3.4. Incidence Rates and Control Effects of Each Treatment by Season

As the annual application period ran from April to October, the incidence rates and relative disease indices of each treatment were calculated and studied in the spring (May–June), summer (July–August), and autumn (September–October) of each year. In October 2021, the incidence rate of each treatment showed different trends, among which the incidence rate of treatment 8 decreased 5% compared to its value in May, treatments 4 and 6 had no increase, and the rest of the treatments showed an increase in incidence (Table S2). In 2022, the incidence rate of each treatment decreased compared to the previous year, among which all the treatments showed an increase in incidence except for treatment 11 which had a 5% decrease in incidence compared to its value in May of the same year (Table S2). The trend of incidence rate changes in 2023 for all the treatments differed from those of the previous two years; it had a decreasing trend and was the lowest out of the three years.
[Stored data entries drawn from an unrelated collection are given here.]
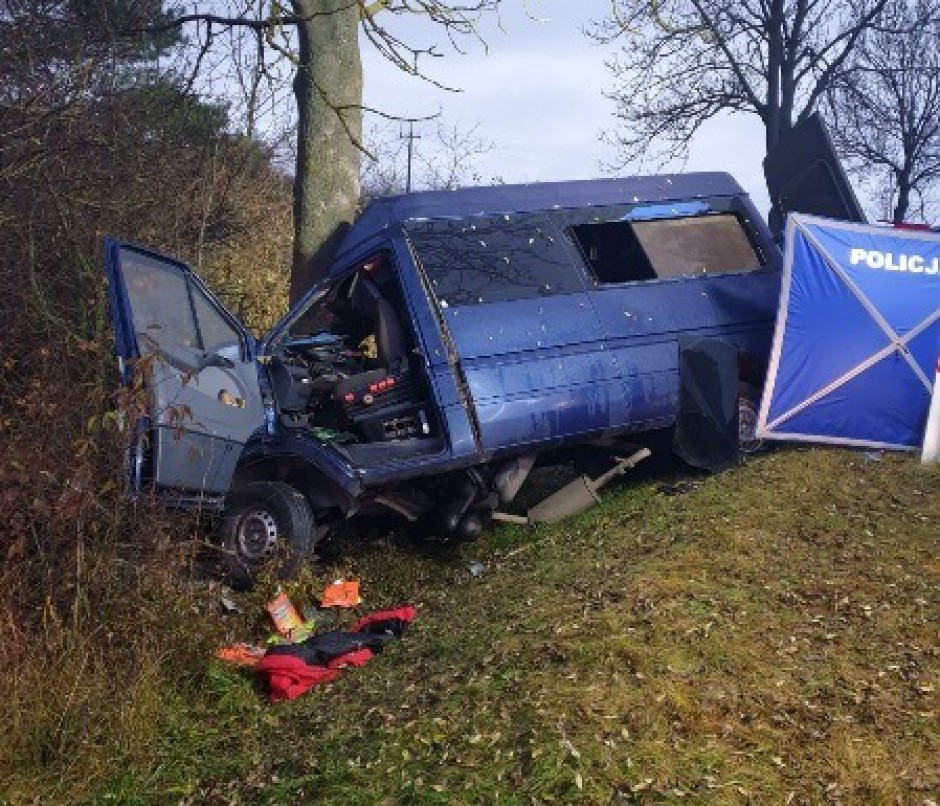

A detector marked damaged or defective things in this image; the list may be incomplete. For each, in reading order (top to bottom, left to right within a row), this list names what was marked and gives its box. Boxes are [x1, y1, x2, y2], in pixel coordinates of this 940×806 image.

wrecked blue van [104, 174, 780, 584]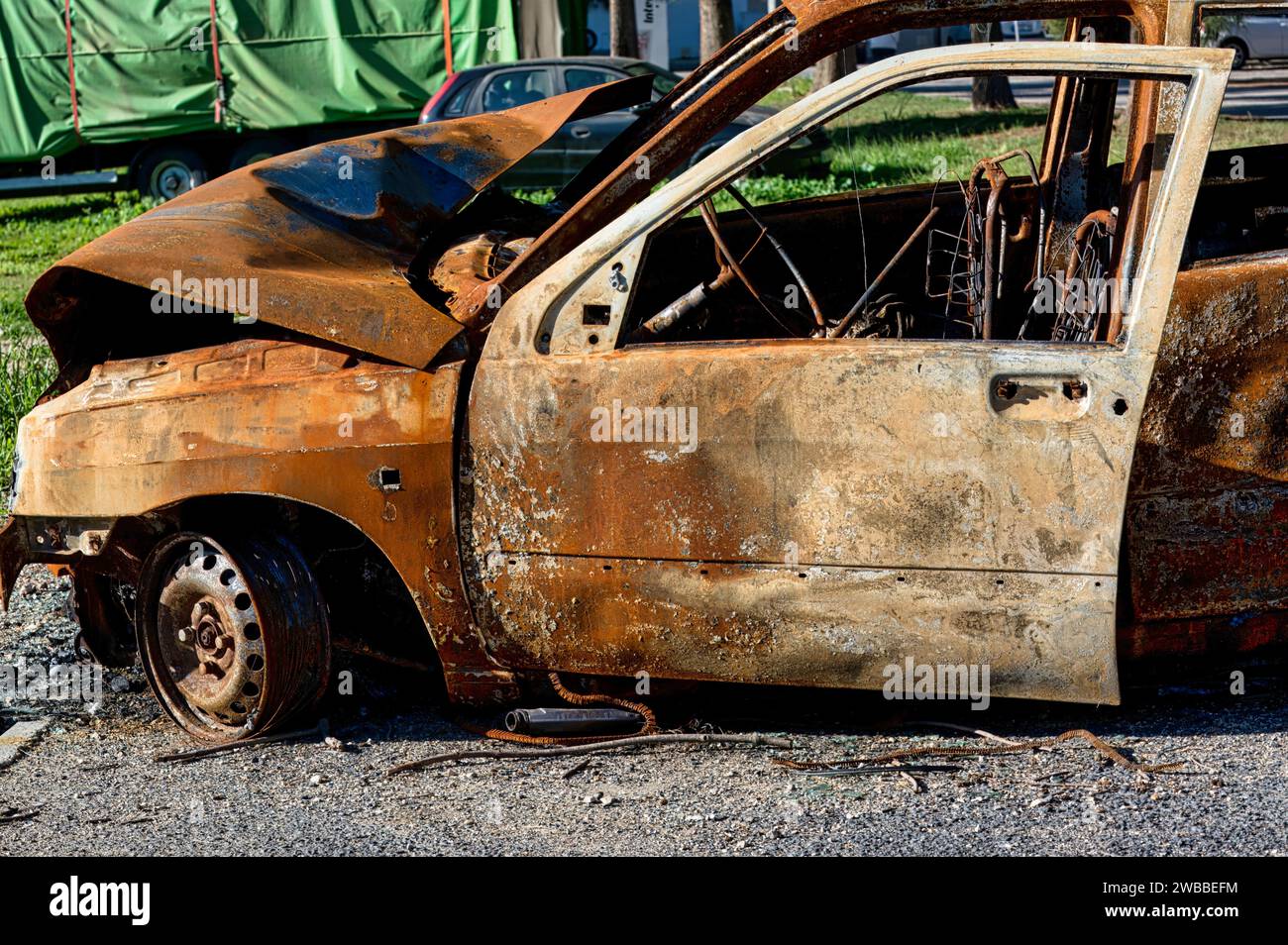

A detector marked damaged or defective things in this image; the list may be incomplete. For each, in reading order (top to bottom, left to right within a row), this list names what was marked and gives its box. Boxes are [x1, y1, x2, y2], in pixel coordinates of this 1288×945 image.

damaged hood [27, 72, 654, 368]
burned car [0, 0, 1276, 741]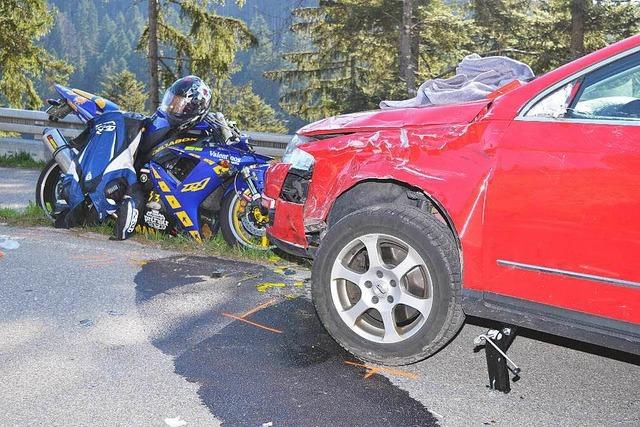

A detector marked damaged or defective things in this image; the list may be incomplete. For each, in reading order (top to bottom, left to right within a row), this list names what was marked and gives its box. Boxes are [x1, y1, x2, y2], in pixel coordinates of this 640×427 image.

damaged red car [262, 35, 640, 366]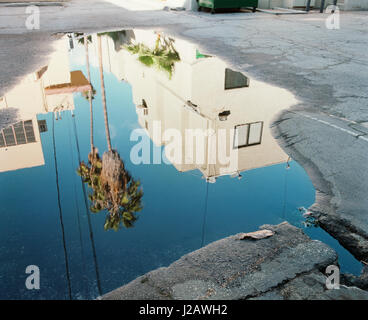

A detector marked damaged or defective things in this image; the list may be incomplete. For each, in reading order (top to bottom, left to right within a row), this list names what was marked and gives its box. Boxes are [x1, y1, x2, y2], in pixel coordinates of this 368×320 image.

broken concrete slab [101, 222, 368, 300]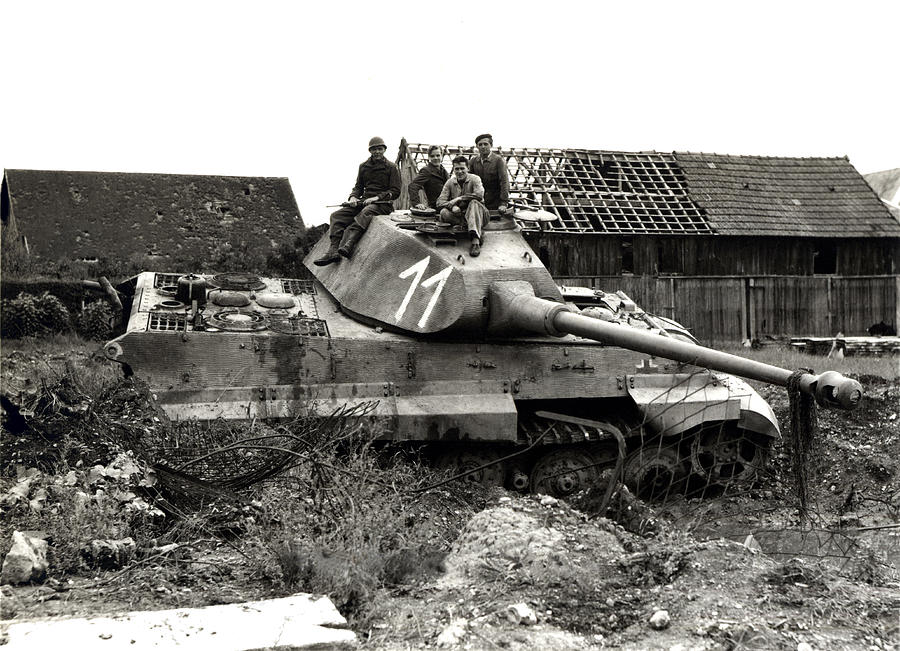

Among them, treatment 11 decreased by 25% and performed the best out of all the treatments (Table S2).

In the spring of 2021, the disease index of treatment 12 decreased by 3.75, and the rest of the treatments showed an increase in the disease index. In the summer, the B. subtilis irrigation treatment (treatment 2) had the lowest relative disease index (−7.5), followed by treatments 8 and 12 (both at −2.5). In the autumn, treatments 8 and 12 had the lowest relative disease indices of 1.25 and 3.75, respectively. Treatment 7 ranked third with 6.25, and those of the remaining treatments were higher than 10 (Figure 3A, Table S3). In the spring of 2022, a low relative disease index was observed in treatments 3 and 12, at −0.96 and 3.95, respectively. The effectiveness of the other treatments was higher than 4. Treatment 5 exhibited the lowest relative disease index in the summer (2.13), while those of the other treatments were higher than 7. In autumn, the disease index of treatment 11 decreased by 1.39, and those of the rest of the treatments increased and had values higher than 9 (Figure 3B, Table S3). In 2023, treatment 12 had the lowest relative disease index in the spring (3.95), followed by treatments 7 (5.55) and 11 (4.74). The other treatments had relative disease indices less than 6. In the summer, lower relative disease indices were observed in treatments 2, 6, 8, and 9, which reached −1.36, −0.22, −0.36, and −5, respectively. The other treatments had relative disease indices higher than 0. In the autumn, the disease index of treatment 11 decreased by 1.84, followed by treatment 7 (decreased by 0.41). The remaining treatments showed values above 0 (Figure 3C, Table S3). The red leaf index of the application treatments ranged from 31 to 52. Treatments 8 and 12 performed optimally, with 52 and 51.5, respectively, while the lowest value was 31 (treatment 1; Figure 3D and Table S3). In summary, the treatments with the optimal control effect in spring, summer, and autumn were treatment 12, 2, and 11, respectively.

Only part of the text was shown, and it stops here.